(Beginning of Extracted entries)
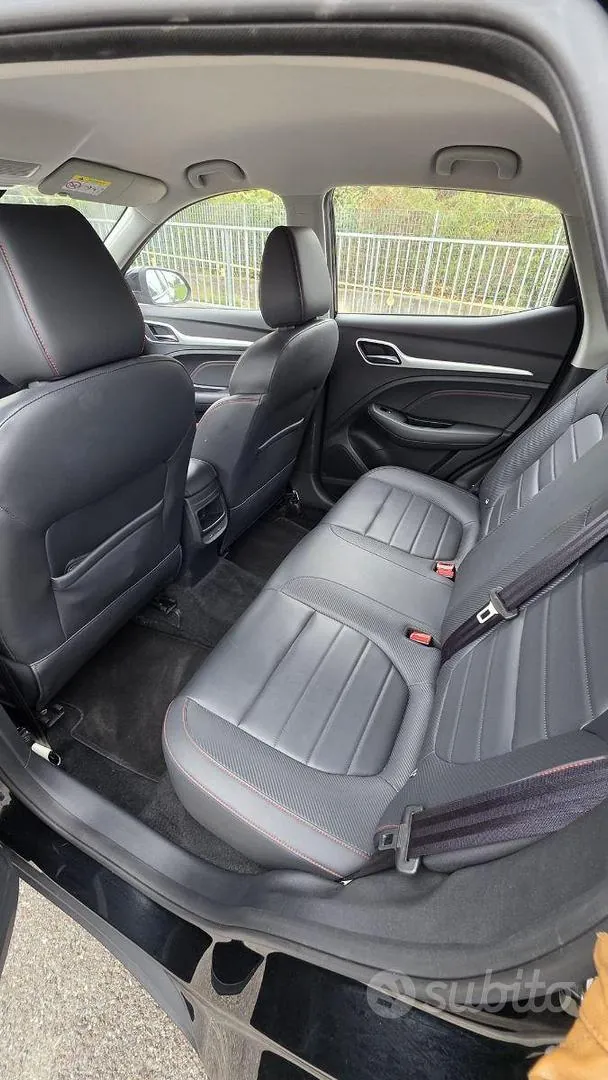 MG Zs 2024 photo 5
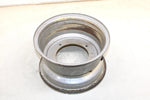92 Polaris Trail Boss Oem White Front Wheel Rim 10x5.5 1520118 AP135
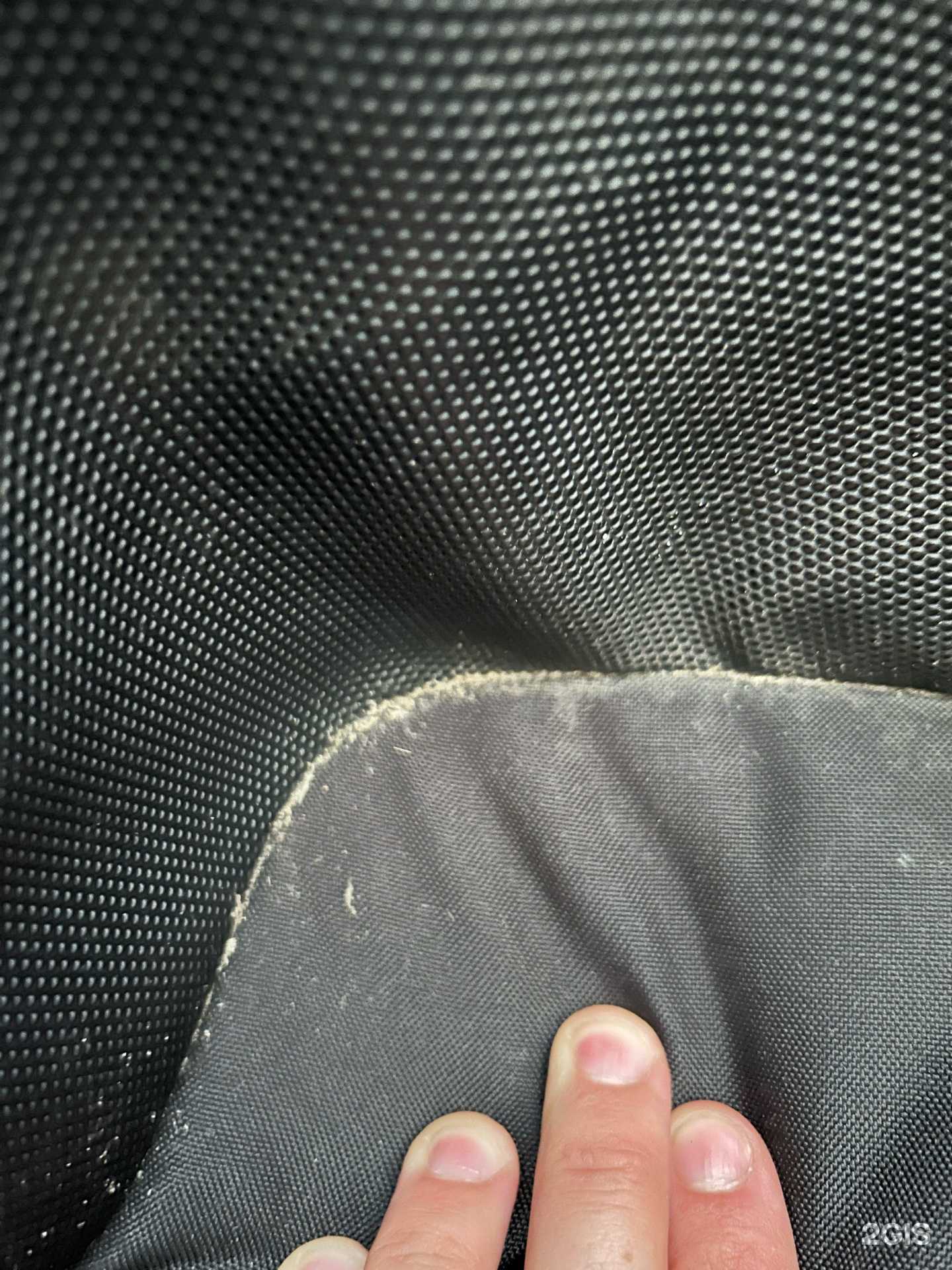 Отзывы на компанию Химчистка в г. Троицк c фото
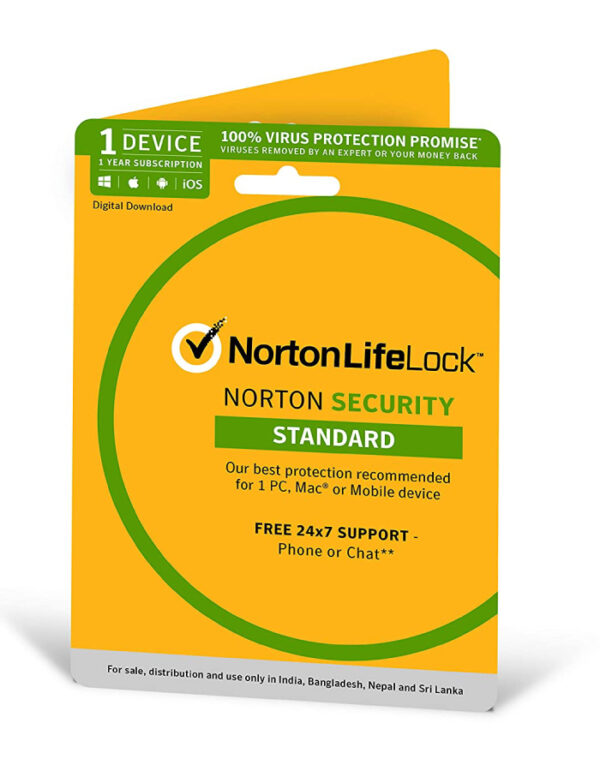 Norton LifeLock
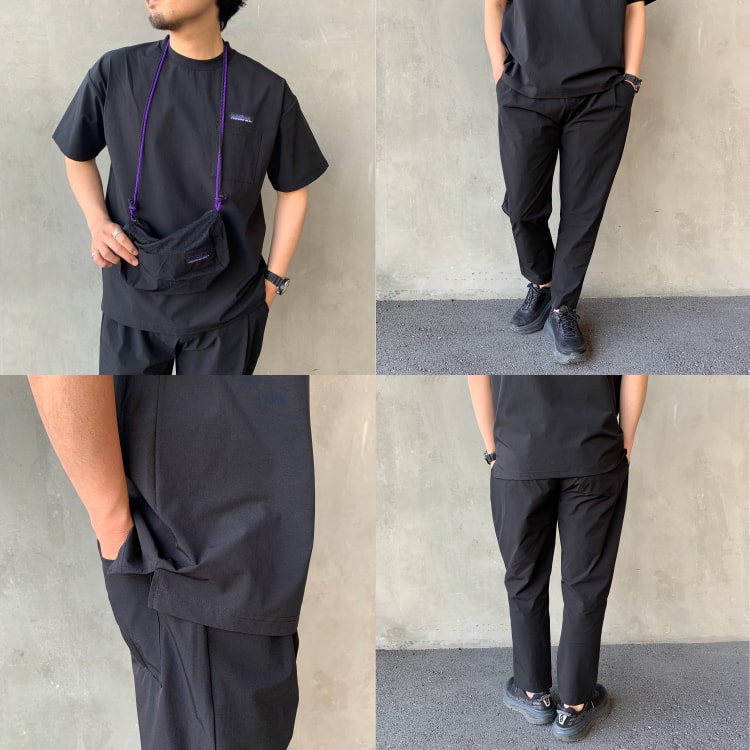 アンダー1万円でコーデが完成。サウザンドマイルのサマーバケーション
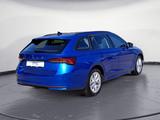 Skoda Octavia Combi 2.0 TDI Selection *AHK*PANO* - Skoda Octavia Gebrauchtwagen in Freiburg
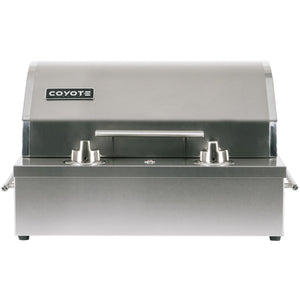 Coyote Grills Electric Grills C1EL120SM IMAGE 1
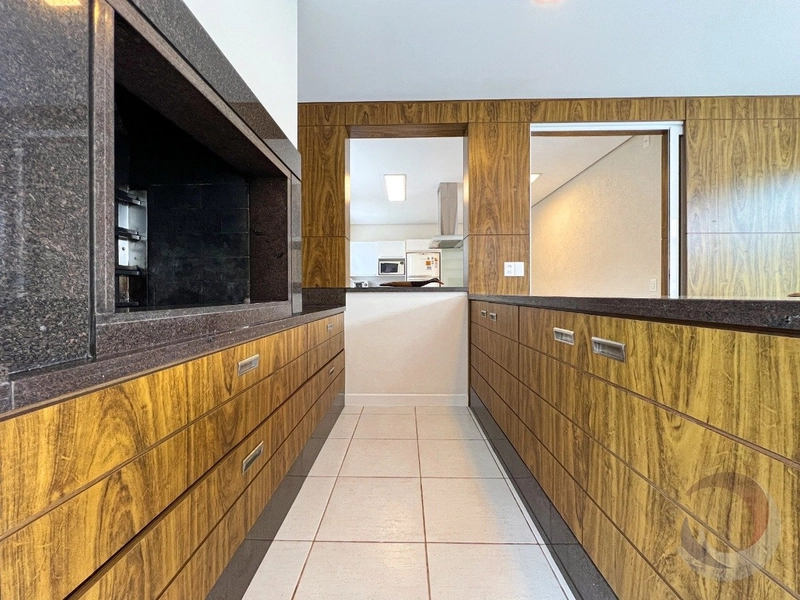 Casa em Jurere Internacional com 6 dormitórios 4 suítes e 6 vagas: 12ª foto da galeria de imagens do imóvel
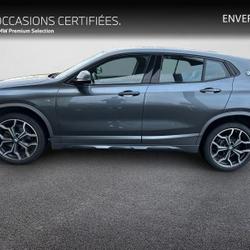 BMW X2 sDrive16dA 116ch M Sport X DKG7 Euro6d-T Beaucouz&eacute;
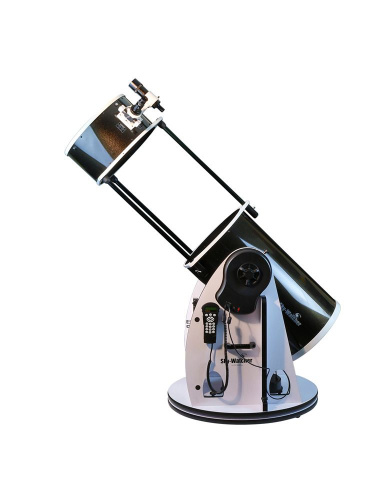 Телескоп Sky-Watcher Dob 16" (400/1800) Retractable SynScan GOTO фото 11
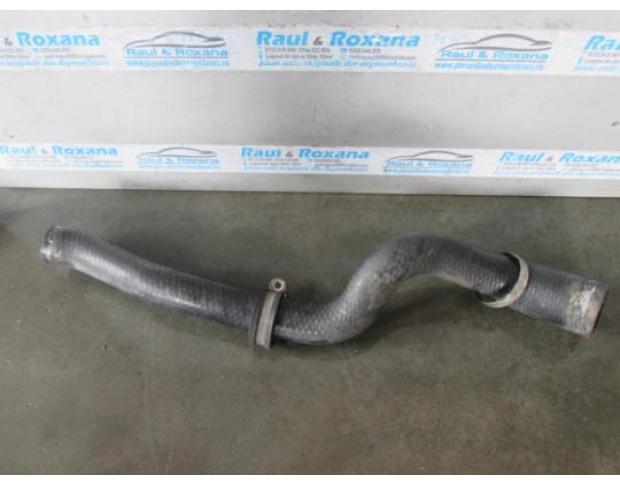 furtun intercoler land rover freelander 2.0d
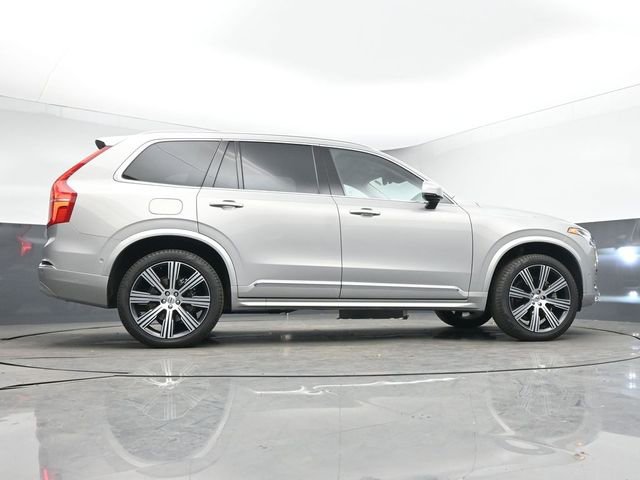 Used 2024 Volvo XC90 B5 Plus image 43
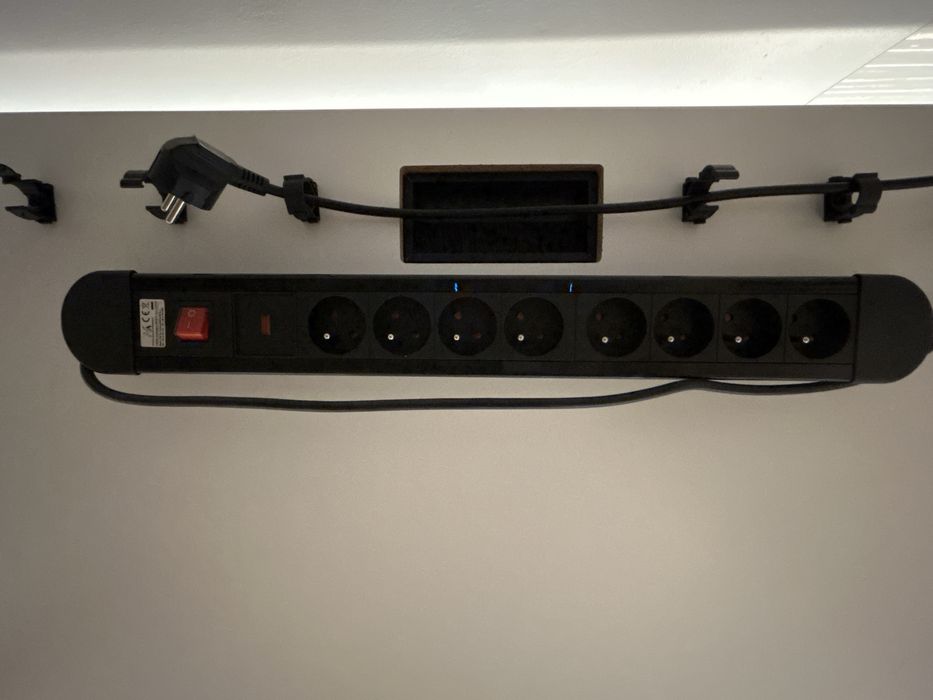 Biurko KRL Wooden Art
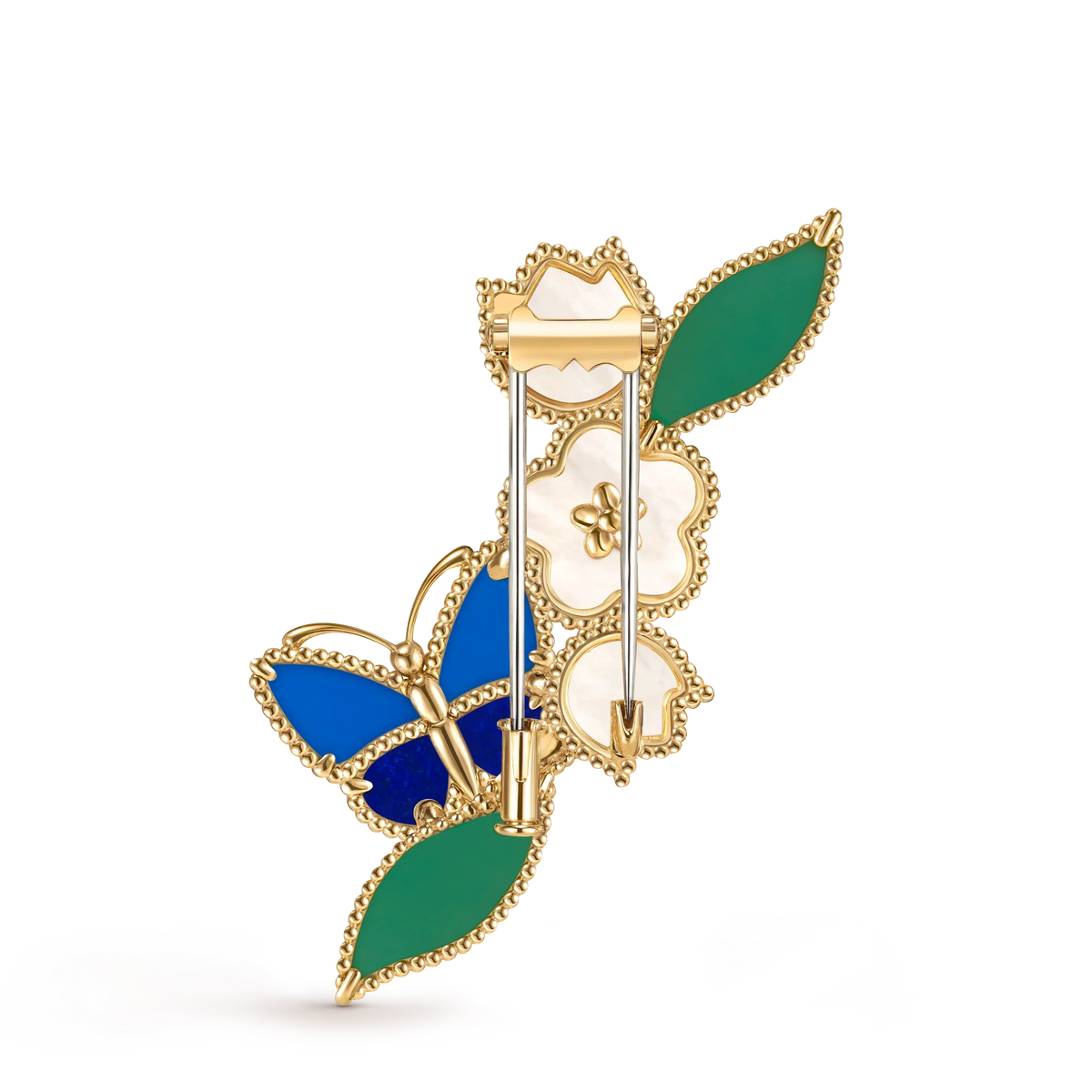 [Miro ] 2026年 NEW MODEL SPRING LUCKY BROOCH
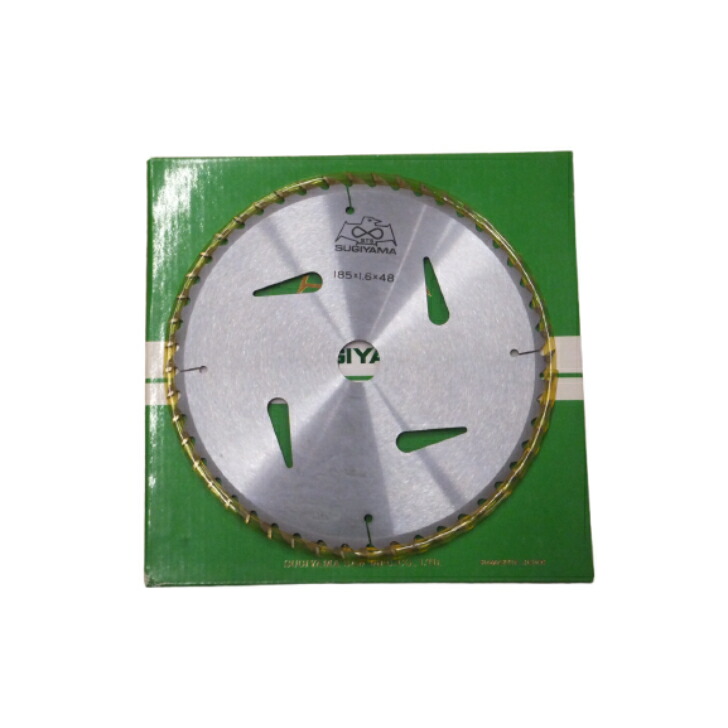 楽天市場】スギヤマ チップソーの通販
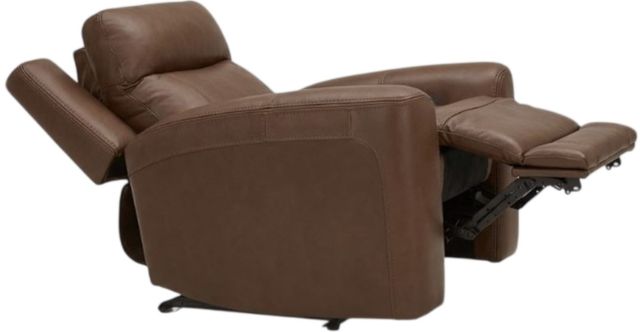 Parker House® Calgary Autumn Umber Power Recliner-1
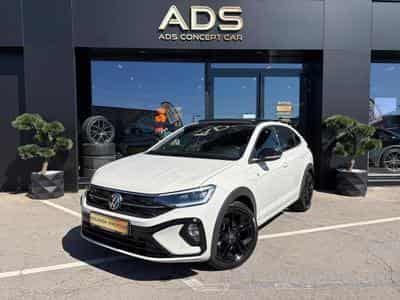 VW Taigo R-Line 1.5 150ch/Toit ouvrant/CarPlay (2025) - Foto 2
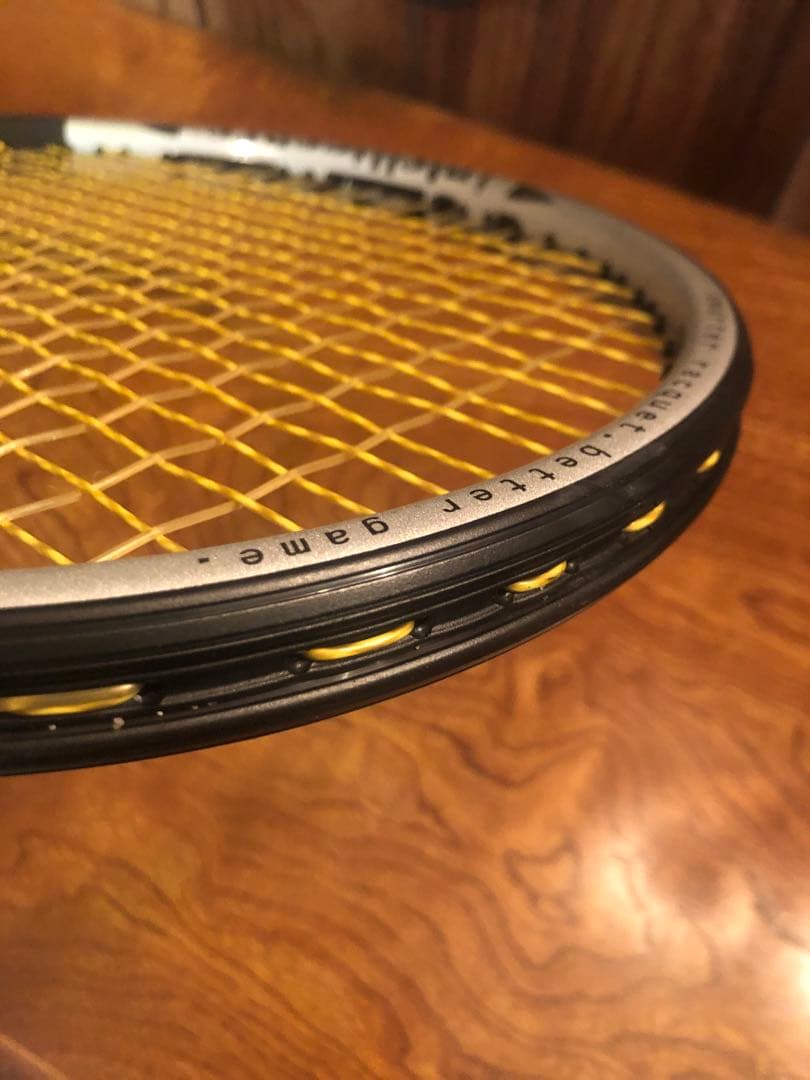 HEAD i.prestige mid plus（オーストリア製）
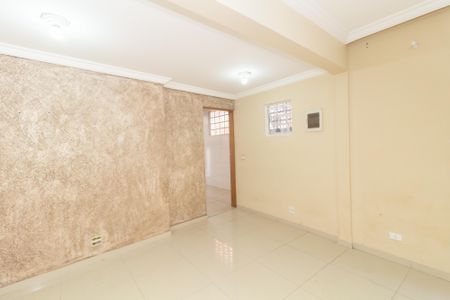 Sala de casa para alugar com 2 quartos, 200m² em Jardim Lideranca, São Paulo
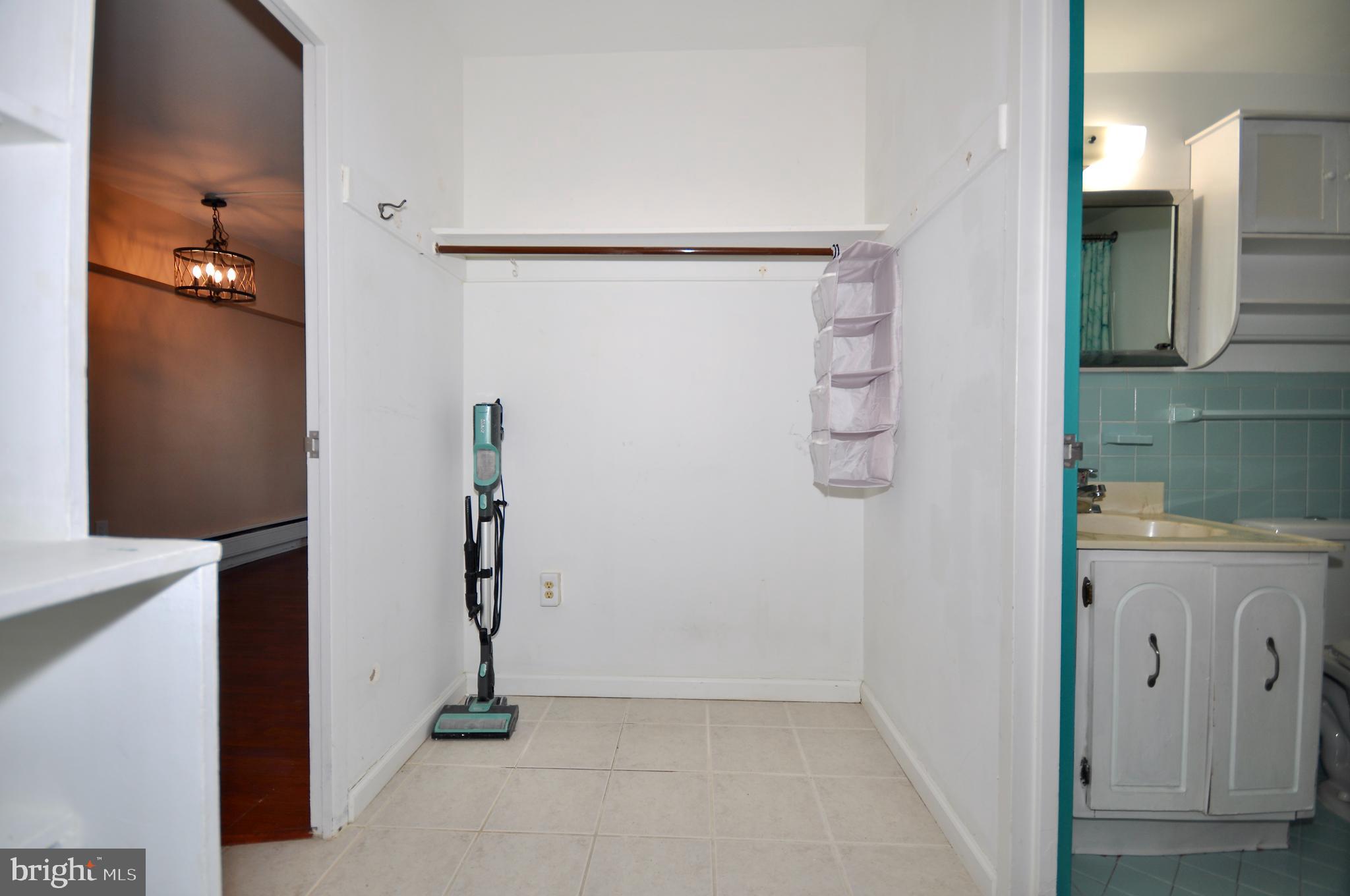 7900 Old York Road, Unit 608B Elkins Park, PA 19027 - Photo 16 of 19 a view of a room with door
(End of Extracted entries)
● **Instructions to follow**
In the data above, find the line with "Coyote Grills Electric" and the line with "Телескоп Sky-Watcher Dob". Please copy exactly those two lines and every line between them, but not the pictures.

● **Task response**
 Coyote Grills Electric Grills C1EL120SM IMAGE 1
 Casa em Jurere Internacional com 6 dormitórios 4 suítes e 6 vagas: 12ª foto da galeria de imagens do imóvel
 BMW X2 sDrive16dA 116ch M Sport X DKG7 Euro6d-T Beaucouz&eacute;
 Телескоп Sky-Watcher Dob 16" (400/1800) Retractable SynScan GOTO фото 11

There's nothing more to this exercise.